Thursday, March 6, 2008

"Promoting, Protecting, and Supporting Normal Birth: A Look at the Evidence"

Check out this article from the Jan/Feb 2008 issue of the Journal of Obstetric, Gynecologic, & Neonatal Nursing. Here's the abstract:
Interfering with the normal physiological process of labor and birth in the absence of medical necessity increases the risk of complications for mother and baby. Six evidence-based care practices promote physiological birth: avoiding medically unnecessary induction of labor, allowing freedom of movement for the laboring woman, providing continuous labor support, avoiding routine interventions and restrictions, encouraging spontaneous pushing in nonsupine positions, and keeping mothers and babies together after birth without restrictions on breastfeeding.

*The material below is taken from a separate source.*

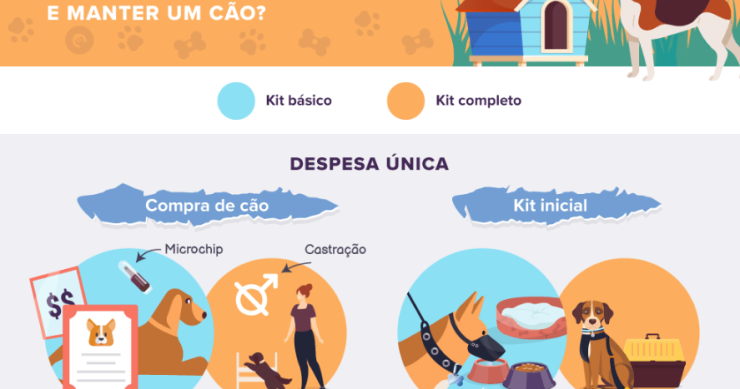 Quanto custa comprar e manter um cão e um gato?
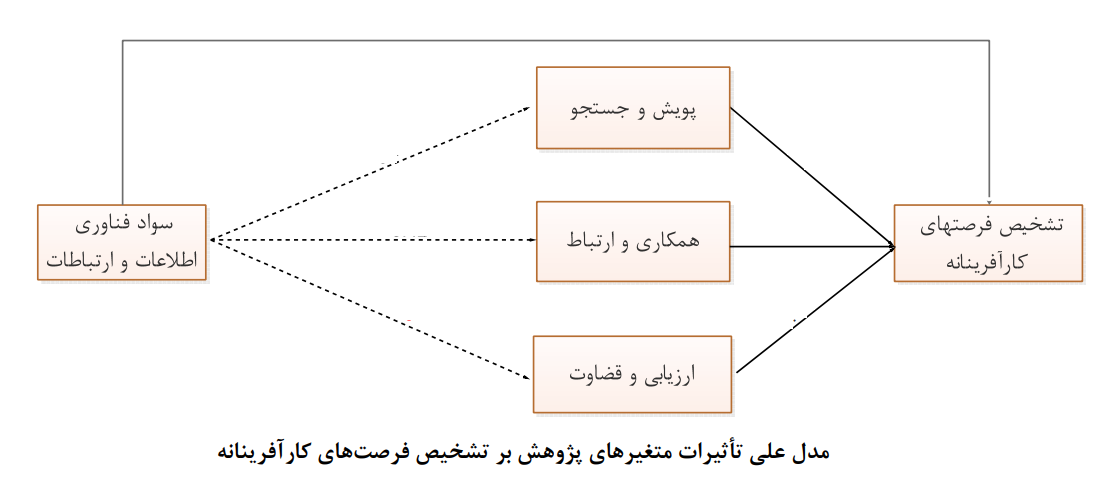 فرصت‌های کارآفرینی با توجه به نقش سواد فناوری اطلاعات و ارتباطات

Nurses are in a unique position to provide these care practices and to help childbearing women make informed choices based on evidence.
And here are the concluding paragraphs which I love!
Nurses have an opportunity to provide leadership in pushing hospitals to provide evidence-based care that promotes healthy outcomes. Nurses will begin to question orders that do not reflect best evidence in the same way that we question medication orders that are not appropriate. We can begin by asking ourselves and our colleagues why a care practice is happening in the first place. Is it for the convenience of the staff or "hospital efficiency" or is it for the best interest of the individual mother and baby? Does it reflect outdated research or the best available evidence? Is it rooted in fear of a poor outcome or a lawsuit or in confidence in women’s ability to give birth normally? Is it based on rituals and routines or individualized care?

While changing practice will take hard work and challenge some of our long-held beliefs, nurses will reap great benefits, along with mothers, babies, and families. Reducing interventions and easing restrictions will change the focus of intrapartum nursing from medical management to nursing care. And there will finally be time for providing comfort and support, the traditional hallmarks of labor and delivery nursing care.